Way back then, a handful of bank execs, a couple of highbrow businessmen from Charlotte's old money families, and the occasional politician or government type usually made the list.
But that was before the market bubble burst and the banks began merging at the speed of light, before September 11 and Enron. One by one, Charlotte's beautiful people disengaged from public life, turning their attention to fortifying their own fortunes or keeping corporate knives out of their backs. Many weren't young to begin with, and the oldest of the powerful set simply faded into moneyed obscurity.
The economy eventually bounced back, but the titans never fully reengaged in the political game. In their stead, they left a power vacuum and a generation of lackluster politicians who were used to taking corporate marching orders. With no one else to take cues from, they've increasingly begun to follow the only people left who seem to have any sense of direction.
These days, if you ask political observers who the most powerful people in Charlotte are, they'll roll their eyes and give you the same two-word answer: City staff.
By this they mean the powerful cabal of high-level bureaucrats who work for Charlotte City Manager Pam Syfert, who in recent years has arguably become the most powerful person in Charlotte.
Syfert technically works for City Council, rather than the other way around, although it's sometimes hard to tell. Syfert has never let the Council stand in the way of her all-consuming vision, or her remarkable consolidation of power under the city crown.
Although it's usually Mayor Pat McCrory or the Council who take the heat on local talk radio for city policy -- or the praise for it from the Charlotte Observer -- it's really Syfert who controls the city's agenda with an iron fist and the City Council that does the rubber-stamping.
Don't let Syfert's sweet, soft-spoken demeanor and insistence that she takes her direction from the Council fool you. She's a master at subtly railroading the politicians she works for. That doesn't mean that they don't rein her in from time to time, but that usually only happens when the Council is facing down an angry mob that's been jerked around by city bureaucrats hard enough that they've actually organized and come to a Council meeting. But in the absence of an angry neighborhood mob, Syfert rarely faces difficult questions from the Council.
Syfert traffics in information the way a drug lord traffics in cocaine. When Council members ask too many pointed questions about a pet project that is part of Her Plan, they find themselves essentially cut off, spinning in a whirlwind of polite smiles, half-answers and bureaucratic minutiae.
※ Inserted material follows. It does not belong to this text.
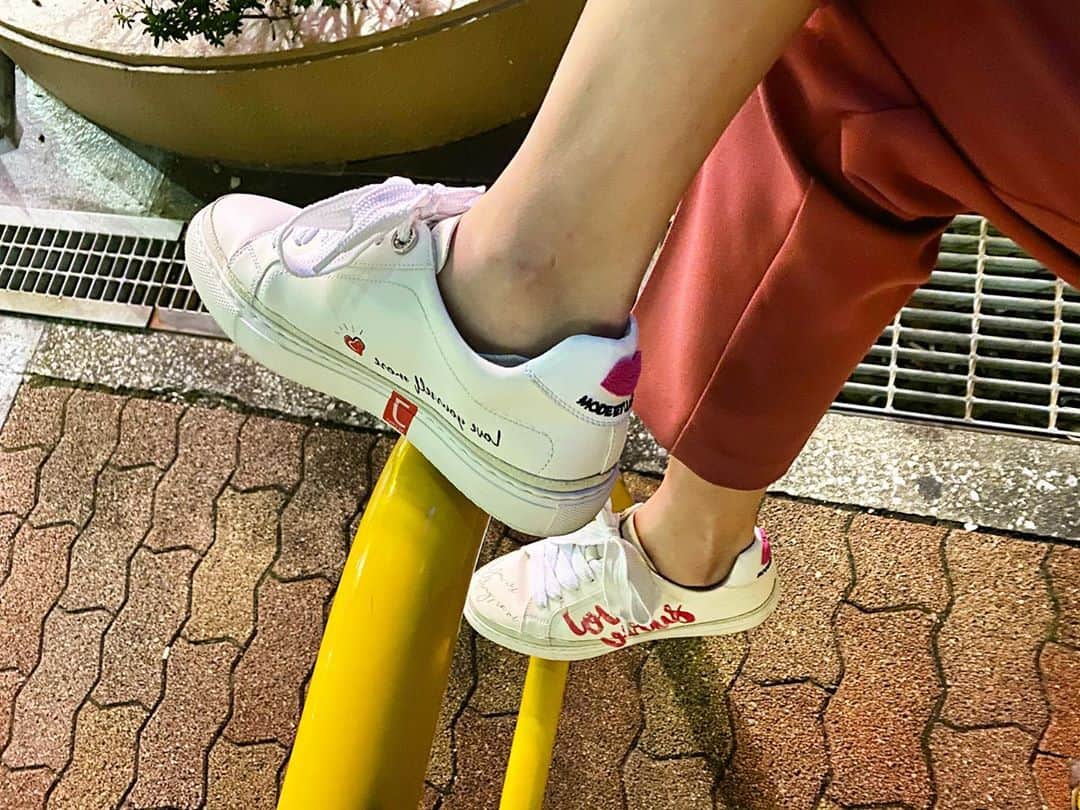 木村安梨沙のインスタグラム：「買ってなかなか履けてない👟 後ろのリップマークがかんわいいの😚」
Syfert clearly prefers to ask forgiveness rather than ask permission. That's why Council members rarely learn the real costs, or the most politically unpalatable details, of controversial projects until after they've approved them, at which point confusion ensues and the City Council comes out looking dumb. In the process, Council members come to learn shocking truths, like, for instance, that they've voted for a plan that will pull police officers off-duty or pay them overtime to provide free traffic control to the Bobcats at a cost of approximately $20 million over the life of the contract. This is typical Syfert.
Riding The Rails
To understand the impact Syfert has had, you've got to go back to the October 1996 reception celebrating her ascension to the post of City Manager after 24 years of service to the city.
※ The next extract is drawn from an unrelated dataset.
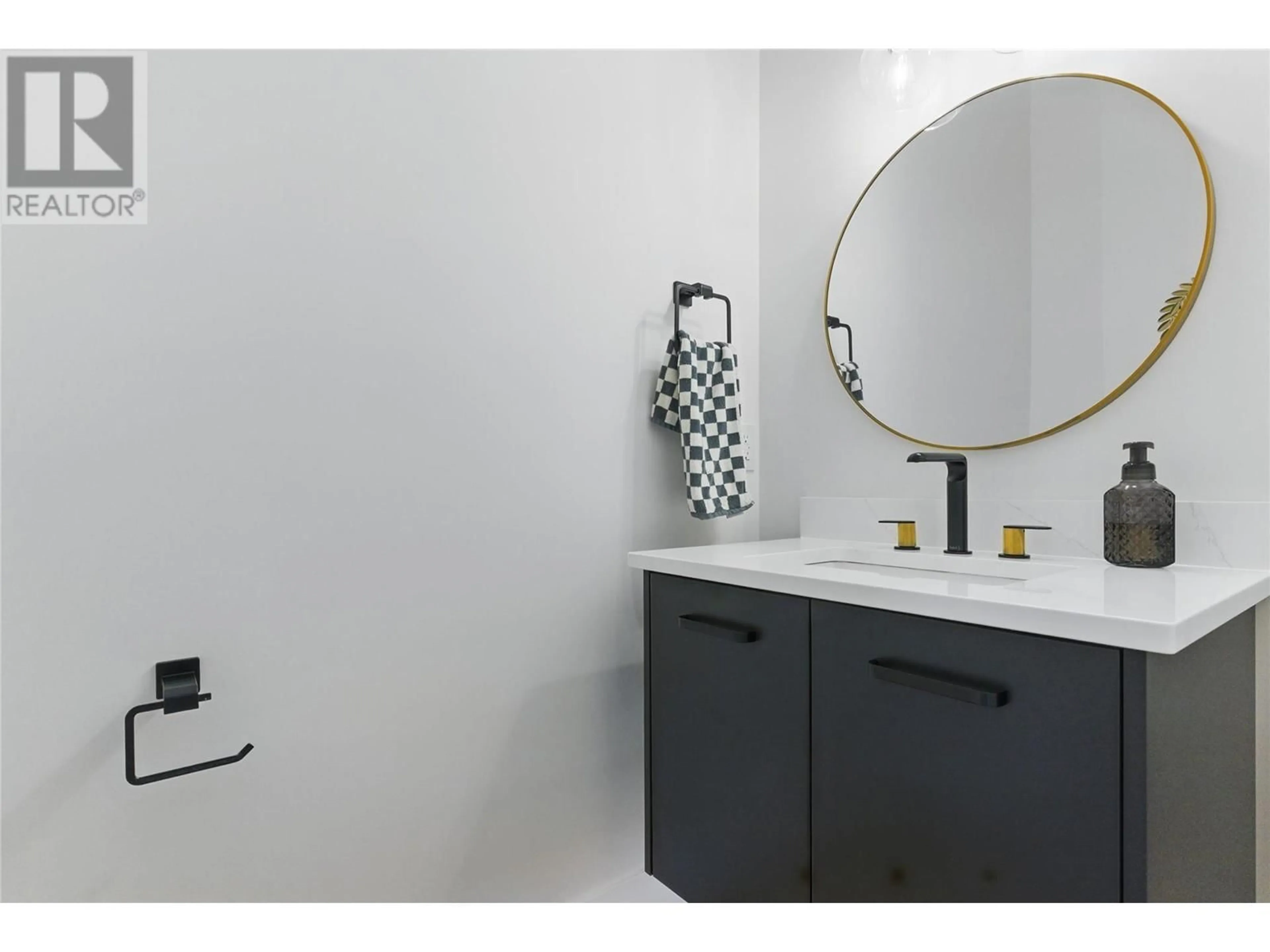 Unknown for 2744 BEACHMOUNT CRESCENT, Kamloops British Columbia V2B0E6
Back then, battling traffic congestion by building more roads was the holy grail of local politics, an issue that had decided mayoral contests and sunk politicians unwilling to go along.
As was expected, Syfert paid homage to asphalt in her comments that day, promising to balance building roads with "public safety concerns."
She didn't mean it. In fact, Syfert promptly proceeded to do the opposite. Roads just didn't fit into her plan. According to the Syfert dogma, which would eventually become conventional wisdom here, a strong urban core is the answer to every problem. Nothing bad could ever befall a city with a strong urban core. What's more, uptown had to be expanded beyond the chokehold of the John Belk Freeway if it were to prosper, preferably in the South Boulevard direction. A trolley, light rail or some combination thereof would justify, both legally and publicly, the demolition and rebuilding of an entire decrepit corridor. It would also make whatever governmental entity that controlled the transit lines the premier power player in the development of the new uptown, a fact that wasn't lost on Syfert.